### Extracted data

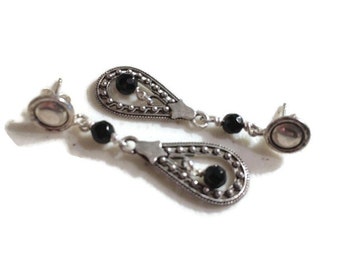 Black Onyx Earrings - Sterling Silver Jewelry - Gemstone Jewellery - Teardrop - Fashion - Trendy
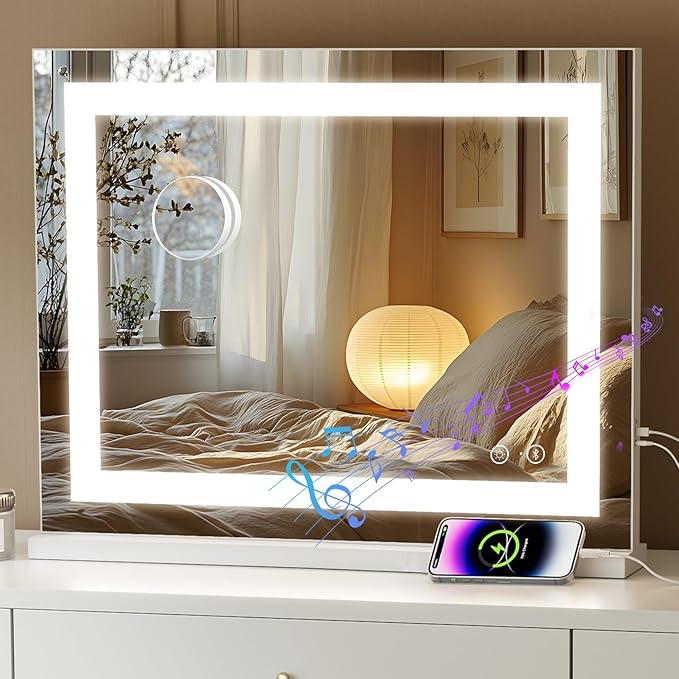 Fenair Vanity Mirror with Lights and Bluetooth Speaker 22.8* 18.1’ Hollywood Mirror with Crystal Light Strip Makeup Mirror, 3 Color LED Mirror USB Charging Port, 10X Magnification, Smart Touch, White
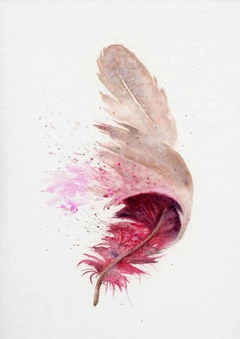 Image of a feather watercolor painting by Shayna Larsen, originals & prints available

---

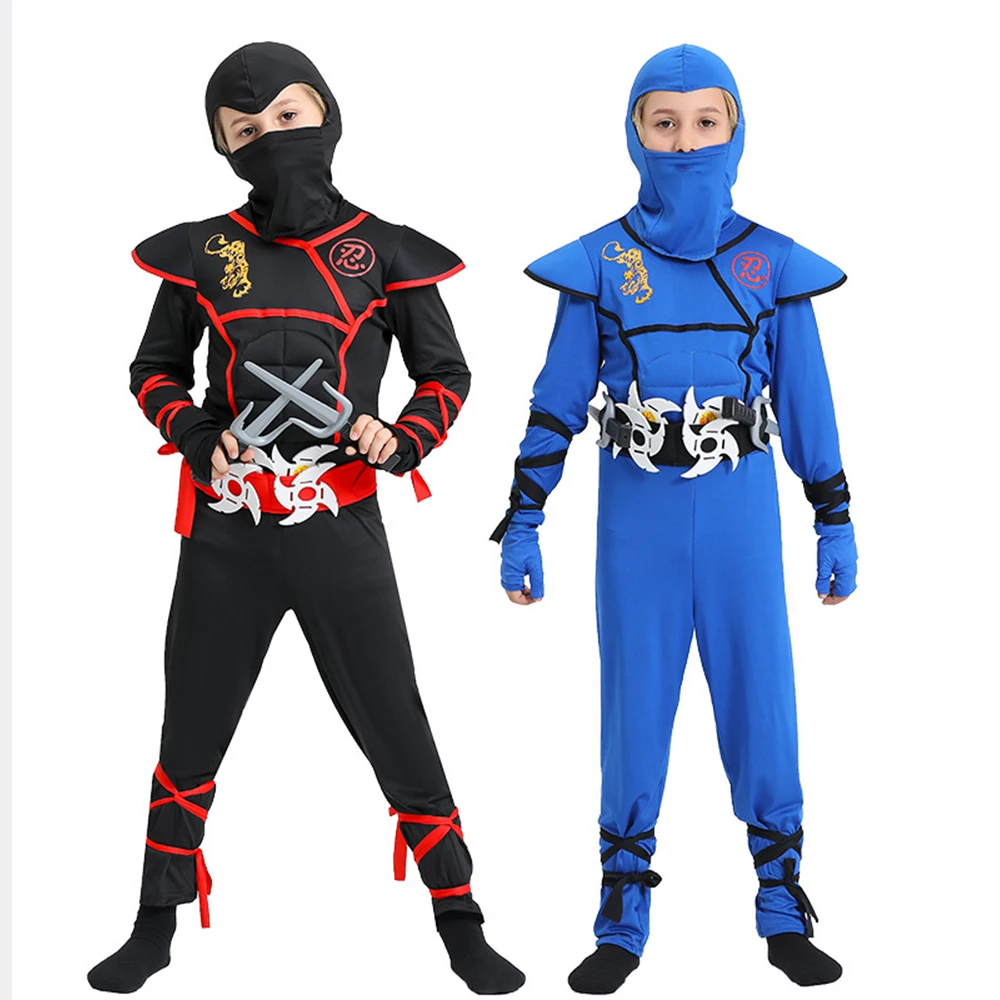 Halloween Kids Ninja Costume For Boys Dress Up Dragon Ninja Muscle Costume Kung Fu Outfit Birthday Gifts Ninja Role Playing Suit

### What the task asks
Nothing but the lines from the one containing "Fenair Vanity Mirror" through the one containing "Image of a feather" should appear, copied exactly from the material above and without pictures.

### Worked solution
 Fenair Vanity Mirror with Lights and Bluetooth Speaker 22.8* 18.1’ Hollywood Mirror with Crystal Light Strip Makeup Mirror, 3 Color LED Mirror USB Charging Port, 10X Magnification, Smart Touch, White
 Image of a feather watercolor painting by Shayna Larsen, originals & prints available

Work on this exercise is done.